Source records
=== Begin Enclosure ===
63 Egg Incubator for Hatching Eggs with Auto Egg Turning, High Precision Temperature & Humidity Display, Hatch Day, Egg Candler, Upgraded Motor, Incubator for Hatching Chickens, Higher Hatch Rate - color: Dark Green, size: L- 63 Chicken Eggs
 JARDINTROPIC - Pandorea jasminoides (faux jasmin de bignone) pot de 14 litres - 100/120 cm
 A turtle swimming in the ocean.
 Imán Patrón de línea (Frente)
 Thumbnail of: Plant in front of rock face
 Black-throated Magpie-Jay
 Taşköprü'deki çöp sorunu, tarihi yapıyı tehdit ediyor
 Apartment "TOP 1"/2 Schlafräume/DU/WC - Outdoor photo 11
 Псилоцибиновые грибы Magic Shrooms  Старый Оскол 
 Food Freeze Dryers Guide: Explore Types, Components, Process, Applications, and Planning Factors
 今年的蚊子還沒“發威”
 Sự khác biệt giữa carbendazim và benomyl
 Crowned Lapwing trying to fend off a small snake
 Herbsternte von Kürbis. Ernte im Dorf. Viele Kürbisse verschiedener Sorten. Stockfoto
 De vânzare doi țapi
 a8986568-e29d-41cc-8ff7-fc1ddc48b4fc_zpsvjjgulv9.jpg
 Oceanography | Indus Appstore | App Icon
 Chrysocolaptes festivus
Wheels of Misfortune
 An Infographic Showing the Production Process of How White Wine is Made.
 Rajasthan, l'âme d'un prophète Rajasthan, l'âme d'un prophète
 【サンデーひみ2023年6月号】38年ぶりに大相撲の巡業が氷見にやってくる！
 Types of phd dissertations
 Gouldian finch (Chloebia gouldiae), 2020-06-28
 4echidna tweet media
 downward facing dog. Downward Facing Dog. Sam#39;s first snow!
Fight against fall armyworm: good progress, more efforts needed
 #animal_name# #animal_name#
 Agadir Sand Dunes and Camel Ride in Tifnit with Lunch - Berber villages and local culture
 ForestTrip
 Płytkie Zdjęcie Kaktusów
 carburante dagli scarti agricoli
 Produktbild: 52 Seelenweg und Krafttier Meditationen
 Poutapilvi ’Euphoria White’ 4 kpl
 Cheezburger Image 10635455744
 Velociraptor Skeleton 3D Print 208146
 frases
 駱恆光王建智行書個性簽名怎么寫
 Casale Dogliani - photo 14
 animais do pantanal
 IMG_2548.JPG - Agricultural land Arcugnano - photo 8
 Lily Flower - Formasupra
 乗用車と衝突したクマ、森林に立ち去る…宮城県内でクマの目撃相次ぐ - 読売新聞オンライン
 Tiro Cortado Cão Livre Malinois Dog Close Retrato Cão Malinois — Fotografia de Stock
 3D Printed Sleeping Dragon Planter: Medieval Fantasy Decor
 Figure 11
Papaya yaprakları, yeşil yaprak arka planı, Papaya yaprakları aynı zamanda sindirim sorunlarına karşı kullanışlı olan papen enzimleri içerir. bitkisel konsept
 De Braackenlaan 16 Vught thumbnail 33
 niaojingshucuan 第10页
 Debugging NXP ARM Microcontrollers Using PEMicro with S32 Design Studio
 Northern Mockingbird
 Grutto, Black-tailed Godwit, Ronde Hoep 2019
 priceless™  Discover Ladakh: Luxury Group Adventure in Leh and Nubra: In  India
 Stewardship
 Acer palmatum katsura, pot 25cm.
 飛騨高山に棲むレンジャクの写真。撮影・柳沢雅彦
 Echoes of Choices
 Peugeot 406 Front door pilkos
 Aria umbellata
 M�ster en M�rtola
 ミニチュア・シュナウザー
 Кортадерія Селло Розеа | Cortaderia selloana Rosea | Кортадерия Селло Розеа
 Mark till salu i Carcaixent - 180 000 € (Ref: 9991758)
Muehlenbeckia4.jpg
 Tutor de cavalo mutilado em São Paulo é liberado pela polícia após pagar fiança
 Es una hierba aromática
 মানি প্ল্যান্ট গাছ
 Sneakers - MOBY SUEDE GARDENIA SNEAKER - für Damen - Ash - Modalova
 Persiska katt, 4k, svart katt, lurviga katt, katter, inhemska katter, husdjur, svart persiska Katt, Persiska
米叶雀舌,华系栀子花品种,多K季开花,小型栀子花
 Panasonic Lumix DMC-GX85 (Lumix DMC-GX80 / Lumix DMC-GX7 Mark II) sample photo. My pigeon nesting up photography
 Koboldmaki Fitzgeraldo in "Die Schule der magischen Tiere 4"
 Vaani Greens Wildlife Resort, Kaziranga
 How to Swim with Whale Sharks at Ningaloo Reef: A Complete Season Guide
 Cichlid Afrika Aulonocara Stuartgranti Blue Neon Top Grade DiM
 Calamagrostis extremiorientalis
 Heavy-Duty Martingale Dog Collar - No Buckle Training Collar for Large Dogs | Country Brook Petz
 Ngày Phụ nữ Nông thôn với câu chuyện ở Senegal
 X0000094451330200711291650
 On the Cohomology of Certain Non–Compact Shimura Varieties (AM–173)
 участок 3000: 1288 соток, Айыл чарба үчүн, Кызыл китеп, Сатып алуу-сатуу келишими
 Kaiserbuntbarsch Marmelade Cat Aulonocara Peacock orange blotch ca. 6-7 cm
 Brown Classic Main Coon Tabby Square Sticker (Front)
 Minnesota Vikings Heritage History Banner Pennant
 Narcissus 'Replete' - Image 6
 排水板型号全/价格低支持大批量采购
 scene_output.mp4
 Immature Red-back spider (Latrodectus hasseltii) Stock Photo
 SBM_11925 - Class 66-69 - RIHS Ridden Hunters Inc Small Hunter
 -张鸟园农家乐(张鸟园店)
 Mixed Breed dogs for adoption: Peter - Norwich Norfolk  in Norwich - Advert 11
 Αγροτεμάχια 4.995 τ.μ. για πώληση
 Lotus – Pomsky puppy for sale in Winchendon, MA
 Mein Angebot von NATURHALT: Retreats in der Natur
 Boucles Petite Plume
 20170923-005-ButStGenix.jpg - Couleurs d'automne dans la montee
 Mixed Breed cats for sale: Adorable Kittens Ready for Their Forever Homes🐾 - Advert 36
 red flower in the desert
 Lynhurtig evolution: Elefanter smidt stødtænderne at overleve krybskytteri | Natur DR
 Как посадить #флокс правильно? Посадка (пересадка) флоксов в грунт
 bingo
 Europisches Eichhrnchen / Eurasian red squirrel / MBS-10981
=== End Enclosure ===
All of the entries need to be reproduced exactly; please write them out.

[SOLUTION TO THE EXERCISE]
63 Egg Incubator for Hatching Eggs with Auto Egg Turning, High Precision Temperature & Humidity Display, Hatch Day, Egg Candler, Upgraded Motor, Incubator for Hatching Chickens, Higher Hatch Rate - color: Dark Green, size: L- 63 Chicken Eggs
 JARDINTROPIC - Pandorea jasminoides (faux jasmin de bignone) pot de 14 litres - 100/120 cm
 A turtle swimming in the ocean.
 Imán Patrón de línea (Frente)
 Thumbnail of: Plant in front of rock face
 Black-throated Magpie-Jay
 Taşköprü'deki çöp sorunu, tarihi yapıyı tehdit ediyor
 Apartment "TOP 1"/2 Schlafräume/DU/WC - Outdoor photo 11
 Псилоцибиновые грибы Magic Shrooms  Старый Оскол 
 Food Freeze Dryers Guide: Explore Types, Components, Process, Applications, and Planning Factors
 今年的蚊子還沒“發威”
 Sự khác biệt giữa carbendazim và benomyl
 Crowned Lapwing trying to fend off a small snake
 Herbsternte von Kürbis. Ernte im Dorf. Viele Kürbisse verschiedener Sorten. Stockfoto
 De vânzare doi țapi
 a8986568-e29d-41cc-8ff7-fc1ddc48b4fc_zpsvjjgulv9.jpg
 Oceanography | Indus Appstore | App Icon
 Chrysocolaptes festivus
Wheels of Misfortune
 An Infographic Showing the Production Process of How White Wine is Made.
 Rajasthan, l'âme d'un prophète Rajasthan, l'âme d'un prophète
 【サンデーひみ2023年6月号】38年ぶりに大相撲の巡業が氷見にやってくる！
 Types of phd dissertations
 Gouldian finch (Chloebia gouldiae), 2020-06-28
 4echidna tweet media
 downward facing dog. Downward Facing Dog. Sam#39;s first snow!
Fight against fall armyworm: good progress, more efforts needed
 #animal_name# #animal_name#
 Agadir Sand Dunes and Camel Ride in Tifnit with Lunch - Berber villages and local culture
 ForestTrip
 Płytkie Zdjęcie Kaktusów
 carburante dagli scarti agricoli
 Produktbild: 52 Seelenweg und Krafttier Meditationen
 Poutapilvi ’Euphoria White’ 4 kpl
 Cheezburger Image 10635455744
 Velociraptor Skeleton 3D Print 208146
 frases
 駱恆光王建智行書個性簽名怎么寫
 Casale Dogliani - photo 14
 animais do pantanal
 IMG_2548.JPG - Agricultural land Arcugnano - photo 8
 Lily Flower - Formasupra
 乗用車と衝突したクマ、森林に立ち去る…宮城県内でクマの目撃相次ぐ - 読売新聞オンライン
 Tiro Cortado Cão Livre Malinois Dog Close Retrato Cão Malinois — Fotografia de Stock
 3D Printed Sleeping Dragon Planter: Medieval Fantasy Decor
 Figure 11
Papaya yaprakları, yeşil yaprak arka planı, Papaya yaprakları aynı zamanda sindirim sorunlarına karşı kullanışlı olan papen enzimleri içerir. bitkisel konsept
 De Braackenlaan 16 Vught thumbnail 33
 niaojingshucuan 第10页
 Debugging NXP ARM Microcontrollers Using PEMicro with S32 Design Studio
 Northern Mockingbird
 Grutto, Black-tailed Godwit, Ronde Hoep 2019
 priceless™  Discover Ladakh: Luxury Group Adventure in Leh and Nubra: In  India
 Stewardship
 Acer palmatum katsura, pot 25cm.
 飛騨高山に棲むレンジャクの写真。撮影・柳沢雅彦
 Echoes of Choices
 Peugeot 406 Front door pilkos
 Aria umbellata
 M�ster en M�rtola
 ミニチュア・シュナウザー
 Кортадерія Селло Розеа | Cortaderia selloana Rosea | Кортадерия Селло Розеа
 Mark till salu i Carcaixent - 180 000 € (Ref: 9991758)
Muehlenbeckia4.jpg
 Tutor de cavalo mutilado em São Paulo é liberado pela polícia após pagar fiança
 Es una hierba aromática
 মানি প্ল্যান্ট গাছ
 Sneakers - MOBY SUEDE GARDENIA SNEAKER - für Damen - Ash - Modalova
 Persiska katt, 4k, svart katt, lurviga katt, katter, inhemska katter, husdjur, svart persiska Katt, Persiska
米叶雀舌,华系栀子花品种,多K季开花,小型栀子花
 Panasonic Lumix DMC-GX85 (Lumix DMC-GX80 / Lumix DMC-GX7 Mark II) sample photo. My pigeon nesting up photography
 Koboldmaki Fitzgeraldo in "Die Schule der magischen Tiere 4"
 Vaani Greens Wildlife Resort, Kaziranga
 How to Swim with Whale Sharks at Ningaloo Reef: A Complete Season Guide
 Cichlid Afrika Aulonocara Stuartgranti Blue Neon Top Grade DiM
 Calamagrostis extremiorientalis
 Heavy-Duty Martingale Dog Collar - No Buckle Training Collar for Large Dogs | Country Brook Petz
 Ngày Phụ nữ Nông thôn với câu chuyện ở Senegal
 X0000094451330200711291650
 On the Cohomology of Certain Non–Compact Shimura Varieties (AM–173)
 участок 3000: 1288 соток, Айыл чарба үчүн, Кызыл китеп, Сатып алуу-сатуу келишими
 Kaiserbuntbarsch Marmelade Cat Aulonocara Peacock orange blotch ca. 6-7 cm
 Brown Classic Main Coon Tabby Square Sticker (Front)
 Minnesota Vikings Heritage History Banner Pennant
 Narcissus 'Replete' - Image 6
 排水板型号全/价格低支持大批量采购
 scene_output.mp4
 Immature Red-back spider (Latrodectus hasseltii) Stock Photo
 SBM_11925 - Class 66-69 - RIHS Ridden Hunters Inc Small Hunter
 -张鸟园农家乐(张鸟园店)
 Mixed Breed dogs for adoption: Peter - Norwich Norfolk  in Norwich - Advert 11
 Αγροτεμάχια 4.995 τ.μ. για πώληση
 Lotus – Pomsky puppy for sale in Winchendon, MA
 Mein Angebot von NATURHALT: Retreats in der Natur
 Boucles Petite Plume
 20170923-005-ButStGenix.jpg - Couleurs d'automne dans la montee
 Mixed Breed cats for sale: Adorable Kittens Ready for Their Forever Homes🐾 - Advert 36
 red flower in the desert
 Lynhurtig evolution: Elefanter smidt stødtænderne at overleve krybskytteri | Natur DR
 Как посадить #флокс правильно? Посадка (пересадка) флоксов в грунт
 bingo
 Europisches Eichhrnchen / Eurasian red squirrel / MBS-10981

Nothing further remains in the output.